Maxim Belugin was a member of the second Russian bobsleigh team at Sochi 2014 ©Getty Images

Maxim Belugin, the one Russian athlete disqualified from Sochi 2014 for doping who has not yet filed an appeal to the Court of Arbitration for Sport (CAS) in Lausanne, is reported to have failed a retested drug test from his home Games for steroids supposedly present in the "Duchess cocktail".

Belugin, who has been announced as having been retrospectively disqualified from the Russian Games but about whom no reasoned decision explaining the offence has yet been published, supposedly submitted a sample containing trenbolone, methenolone and oxandrolone. 

These are the same three samples purported to have been in the cocktail described by Grigory Rodchenkov, the ex-Moscow Laboratory chief who subsequently became the chief witness in allegations against Russian athletes. 

The alleged failure by the bobsleigh athlete has not been officially confirmed by the International Olympic Committee (IOC), but was reported by Russian newspaper Izvestia on December 20.

Quoting an unnamed source in the "entourage of the athlete", they claimed that initial tests carried out during Sochi 2014 found no trace of banned substances but that retests carried out in Lausanne this year revealed the three steroids. 
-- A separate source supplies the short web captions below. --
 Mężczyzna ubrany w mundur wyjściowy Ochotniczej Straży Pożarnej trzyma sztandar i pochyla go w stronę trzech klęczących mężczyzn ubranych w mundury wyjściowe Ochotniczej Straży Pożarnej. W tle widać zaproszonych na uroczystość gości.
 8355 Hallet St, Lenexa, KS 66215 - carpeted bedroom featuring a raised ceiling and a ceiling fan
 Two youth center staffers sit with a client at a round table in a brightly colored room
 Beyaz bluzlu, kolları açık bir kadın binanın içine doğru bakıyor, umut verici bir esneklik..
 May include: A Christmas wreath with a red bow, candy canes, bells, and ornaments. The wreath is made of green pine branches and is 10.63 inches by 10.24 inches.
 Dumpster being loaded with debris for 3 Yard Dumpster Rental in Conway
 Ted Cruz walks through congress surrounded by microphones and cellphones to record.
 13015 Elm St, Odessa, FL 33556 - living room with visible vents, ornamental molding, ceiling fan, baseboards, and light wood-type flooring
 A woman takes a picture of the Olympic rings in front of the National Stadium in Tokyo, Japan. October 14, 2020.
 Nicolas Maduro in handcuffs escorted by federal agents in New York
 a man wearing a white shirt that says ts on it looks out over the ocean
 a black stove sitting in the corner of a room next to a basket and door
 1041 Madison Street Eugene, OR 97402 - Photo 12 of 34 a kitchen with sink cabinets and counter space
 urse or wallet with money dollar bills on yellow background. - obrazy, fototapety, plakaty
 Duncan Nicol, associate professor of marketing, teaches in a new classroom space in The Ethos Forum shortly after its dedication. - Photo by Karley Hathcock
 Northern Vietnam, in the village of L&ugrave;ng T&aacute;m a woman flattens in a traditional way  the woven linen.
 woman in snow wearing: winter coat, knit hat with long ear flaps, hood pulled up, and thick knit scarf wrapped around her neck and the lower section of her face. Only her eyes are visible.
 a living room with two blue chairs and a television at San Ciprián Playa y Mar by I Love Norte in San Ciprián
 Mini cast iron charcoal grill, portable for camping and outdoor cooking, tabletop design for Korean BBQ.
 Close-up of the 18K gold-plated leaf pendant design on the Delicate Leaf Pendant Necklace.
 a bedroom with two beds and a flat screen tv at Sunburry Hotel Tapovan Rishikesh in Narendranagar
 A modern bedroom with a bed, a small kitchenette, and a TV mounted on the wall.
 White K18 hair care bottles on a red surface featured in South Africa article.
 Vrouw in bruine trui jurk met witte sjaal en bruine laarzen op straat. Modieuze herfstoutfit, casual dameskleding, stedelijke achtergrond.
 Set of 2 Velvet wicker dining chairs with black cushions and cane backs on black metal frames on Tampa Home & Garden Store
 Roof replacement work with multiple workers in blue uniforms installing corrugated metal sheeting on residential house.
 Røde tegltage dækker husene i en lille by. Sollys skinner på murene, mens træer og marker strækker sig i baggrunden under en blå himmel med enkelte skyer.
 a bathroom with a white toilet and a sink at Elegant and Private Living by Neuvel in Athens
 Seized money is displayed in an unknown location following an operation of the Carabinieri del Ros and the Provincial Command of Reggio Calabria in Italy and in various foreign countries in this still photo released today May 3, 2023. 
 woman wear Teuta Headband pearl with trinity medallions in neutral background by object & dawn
Belugin formed part of the second Russian four-man team in Sochi alongside Alexander Kasjanov, Ilvir Huzin and Aleksei Pushkarev.

They initially finished in fourth place but have been disqualified after all four members were sanctioned.

Anna Makarova, the press attaché of the Bobsleigh and Skeleton Federation of Russia, told Izvestia that she could not comment on a possible failure but that "Belugin really was not on Rodchenkov's so-called list, and neither [Richard] McLaren nor [Denis] Oswald had his name."

McLaren and Oswald are the respective heads of World Anti-Doping Agency (WADA) and IOC-commissioned investigations looking into allegations of Russian doping based largely on testimony provided by Rodchenkov.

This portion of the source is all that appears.